EXERCISE:
Using the records below, transcribe word for word the stretch from the line that contains "Stella Gonet" through the line that contains "4th image of 2905 Michigan Ave", both end lines included, and nothing else.

RECORD EXCERPTS:

Start of Block

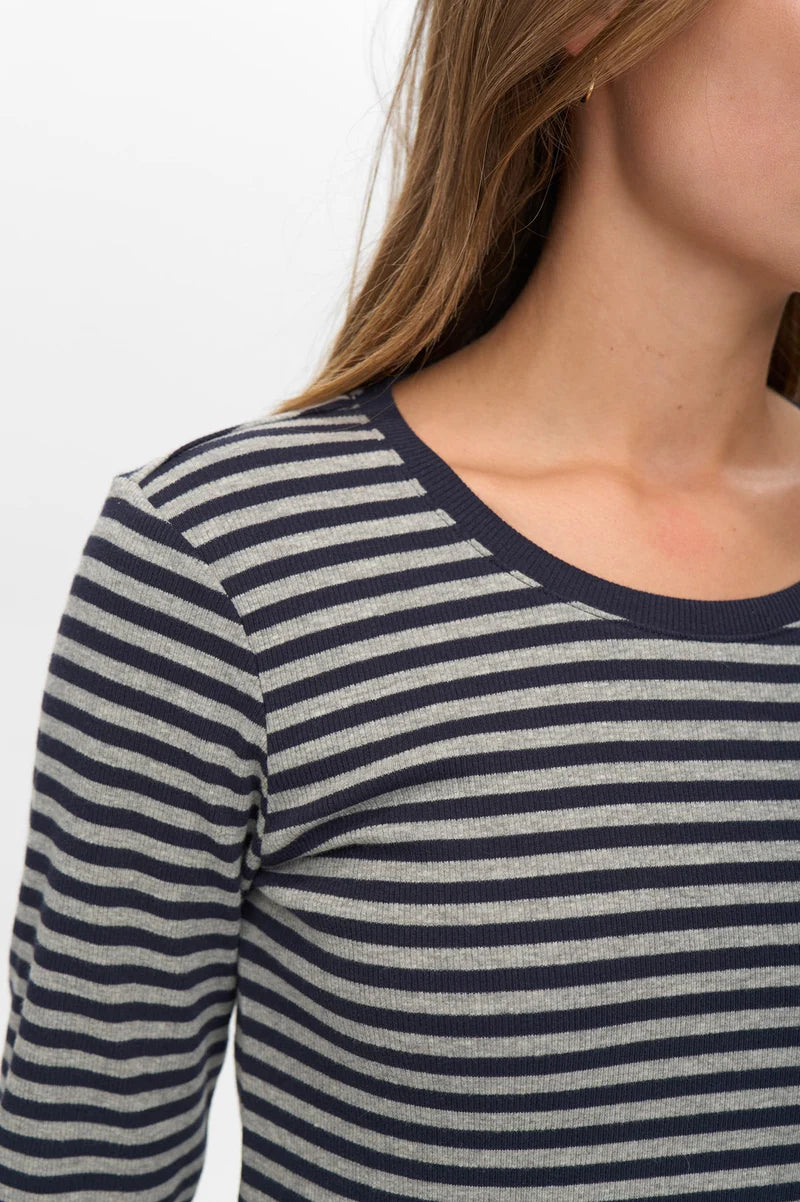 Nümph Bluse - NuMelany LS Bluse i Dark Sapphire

End of Block
Start of Block

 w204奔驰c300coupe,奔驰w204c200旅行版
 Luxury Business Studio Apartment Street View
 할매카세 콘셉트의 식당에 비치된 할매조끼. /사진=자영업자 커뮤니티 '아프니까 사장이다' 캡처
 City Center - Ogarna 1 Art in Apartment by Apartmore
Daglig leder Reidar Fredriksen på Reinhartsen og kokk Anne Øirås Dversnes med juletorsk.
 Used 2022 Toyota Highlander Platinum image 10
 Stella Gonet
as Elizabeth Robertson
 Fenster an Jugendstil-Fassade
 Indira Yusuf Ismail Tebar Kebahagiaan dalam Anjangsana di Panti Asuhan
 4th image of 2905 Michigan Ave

End of Block

RESPONSE:
 Stella Gonet
as Elizabeth Robertson
 Fenster an Jugendstil-Fassade
 Indira Yusuf Ismail Tebar Kebahagiaan dalam Anjangsana di Panti Asuhan
 4th image of 2905 Michigan Ave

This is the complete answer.